● **Problem requirements**
Below are some records; give them all again exactly, but not the pictures.

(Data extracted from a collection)
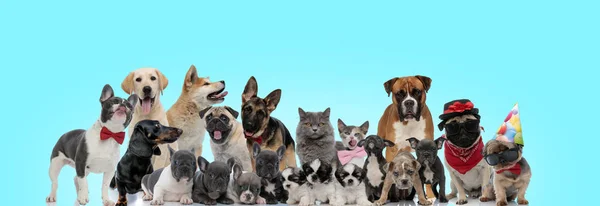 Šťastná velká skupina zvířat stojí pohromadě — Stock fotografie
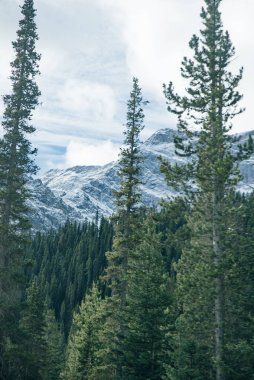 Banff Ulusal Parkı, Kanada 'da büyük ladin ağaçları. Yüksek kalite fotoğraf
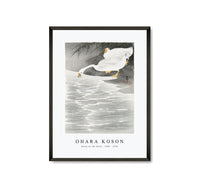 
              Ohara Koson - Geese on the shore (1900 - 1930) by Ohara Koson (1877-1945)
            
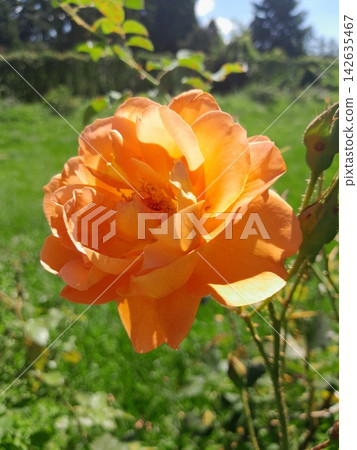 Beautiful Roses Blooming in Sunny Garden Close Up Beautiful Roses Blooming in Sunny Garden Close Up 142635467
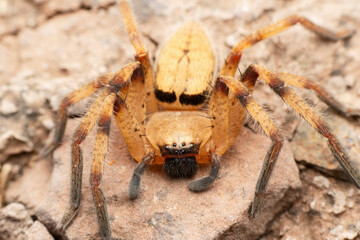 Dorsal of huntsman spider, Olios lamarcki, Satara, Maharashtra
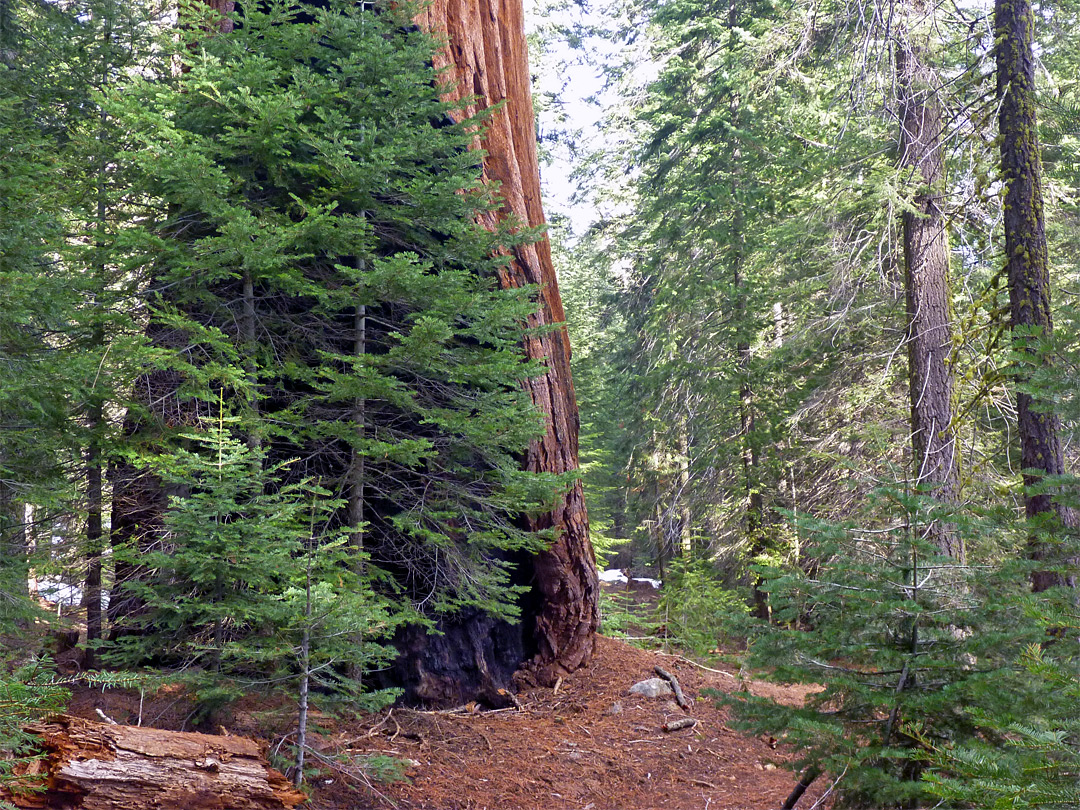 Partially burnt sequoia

● **Exercise result**
 Šťastná velká skupina zvířat stojí pohromadě — Stock fotografie
 Banff Ulusal Parkı, Kanada 'da büyük ladin ağaçları. Yüksek kalite fotoğraf
              Ohara Koson - Geese on the shore (1900 - 1930) by Ohara Koson (1877-1945)
            
 Beautiful Roses Blooming in Sunny Garden Close Up Beautiful Roses Blooming in Sunny Garden Close Up 142635467
 Dorsal of huntsman spider, Olios lamarcki, Satara, Maharashtra
 Partially burnt sequoia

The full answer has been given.